• _Assignment_
Each line from the top of the listing down to and including the line with "Your correction options" must be duplicated exactly; pictures are to be skipped.

╭──

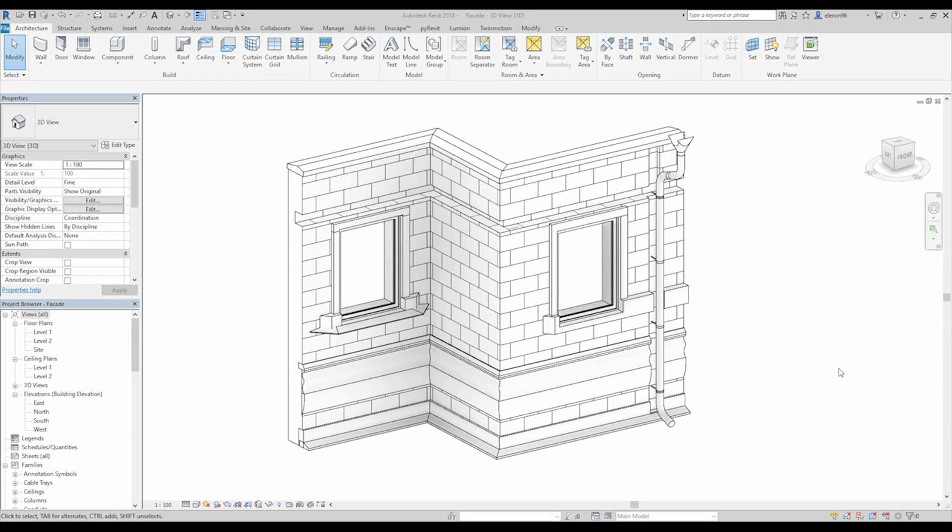Hello everyone! Today we will do classical facade by profiles only. By the way, this is a project you can download below in the description. And now we will see how the profiles work. This is 5 minutes of Revit. Let's start.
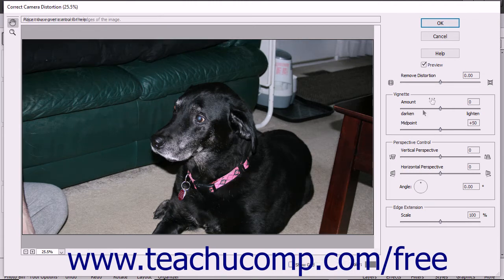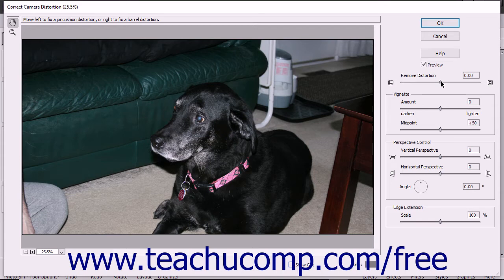Your correction options are Remove Distortion, which corrects Lens Barrel — a bloated center of an image caused by wide-angle lenses — and Pin Cushion for images that appear pinched in the center, which can be caused by zoom lenses.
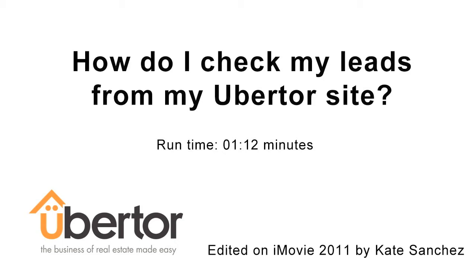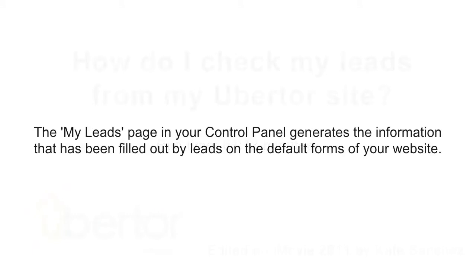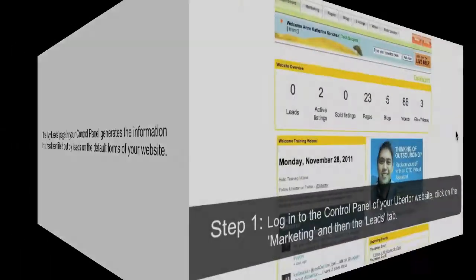How do I check my leads for my Ubertor website? The My Leads page on your control panel generates the information that has been filled out by leads on the default forms on your website. You can check your leads in two easy steps.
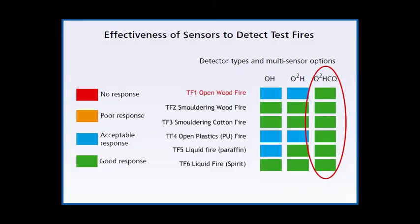These tables show how the multi-element S-quad performs compared to standard optical and single-angle optical heat detectors. You can see that optical heat detectors, whilst providing a generally acceptable level of fire detection, are still prone to false alarm in many common instances, such as dust or steam.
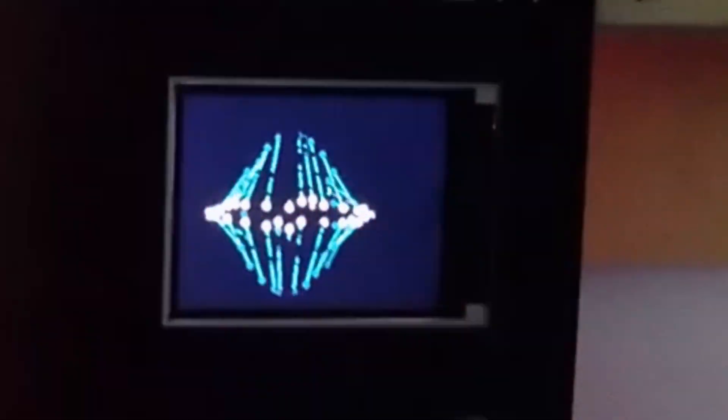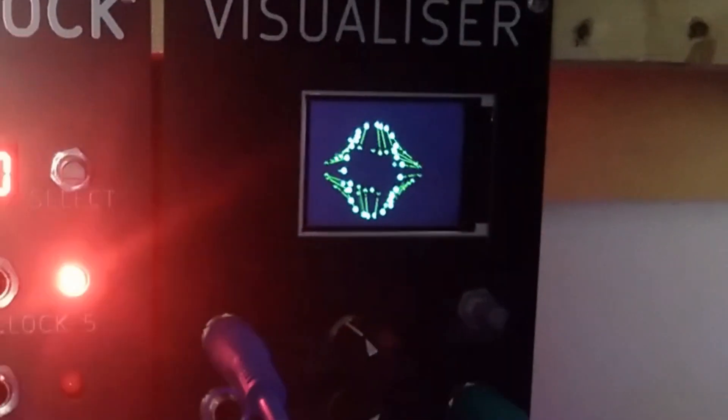Hey, how you doing? Today we're going to take a look at one of the trippiest open-source modules I've ever made — the Visualizer.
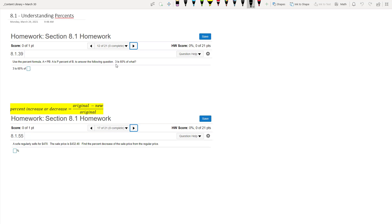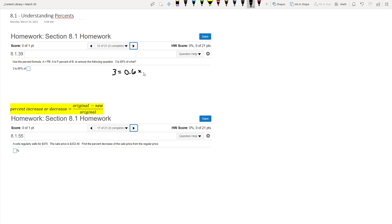but I prefer just to translate the sentence here to math. So we say 3, and is is an equals, and then 60% we can write as the decimal 0.6, and then of in words, when we write that out in words, that typically means multiply of what? And so we have x.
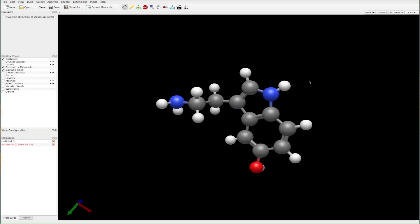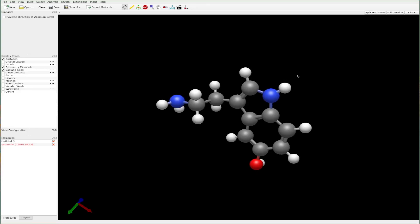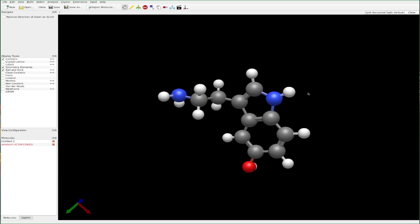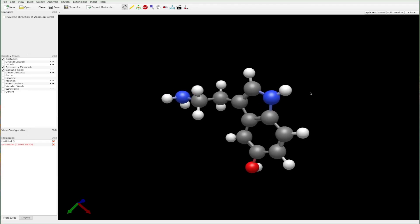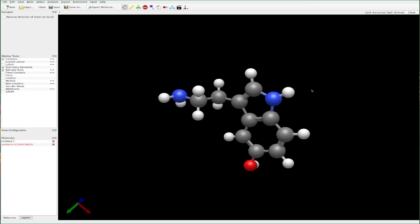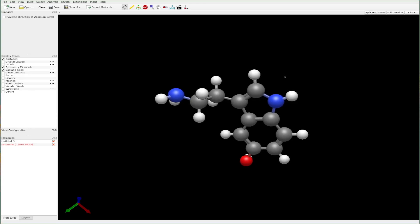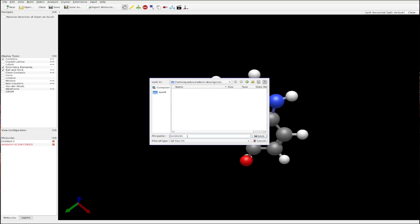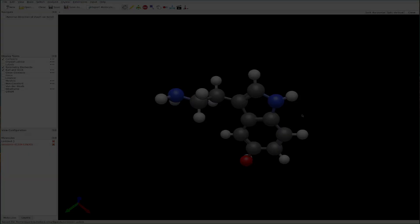Now we'll need to obtain the PDBQT file for our ligand, which in this case is serotonin. This can be done in a variety of ways using almost any computational chemistry software — for example, GaussView, IQmol, or as I'm showing here, Avogadro. Suppose serotonin was some novel molecule and we wanted to see if it fit into the 5-HT2A receptor — we would first optimize it using some DFT method to get the optimized structure, then open the file in Avogadro, go to File > Export Molecule, and save it as serotonin.pdbqt.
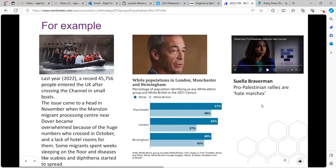Last October there was a release of ONS data on migration and where people were coming from. It showed quite a lot of Albanians, and that was picked up as a press release that the majority of people coming on the small boats into the UK were Albanian. At the same time there was severe overcrowding in the migrant processing centre at Malston, people being dropped off in hotels in cities they didn't know with no guidance, and the spread of diseases. That was a kind of media storm that fed into the narrative about the boats coming into the UK without particularly significant evidence.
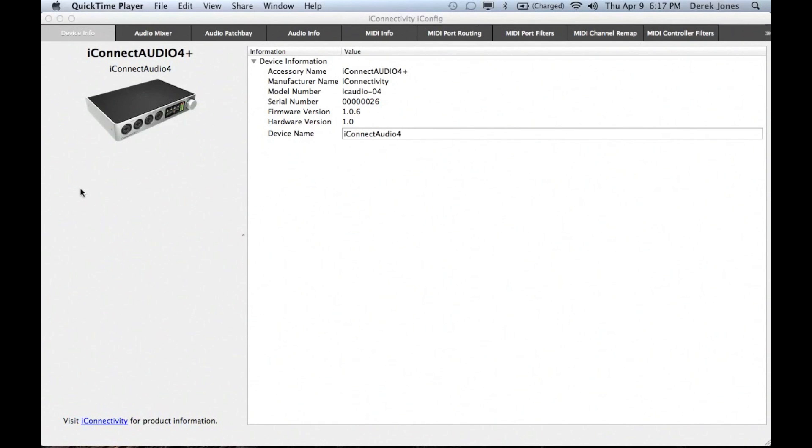Here we're going to take a very brief look at the features of the updated iConfig, which includes new components that are specific for controlling the iConnect Audio 4 Plus.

╰──

• _Result of this task_
Hello everyone! Today we will do classical facade by profiles only. By the way, this is a project you can download below in the description. And now we will see how the profiles work. This is 5 minutes of Revit. Let's start.
Your correction options are Remove Distortion, which corrects Lens Barrel — a bloated center of an image caused by wide-angle lenses — and Pin Cushion for images that appear pinched in the center, which can be caused by zoom lenses.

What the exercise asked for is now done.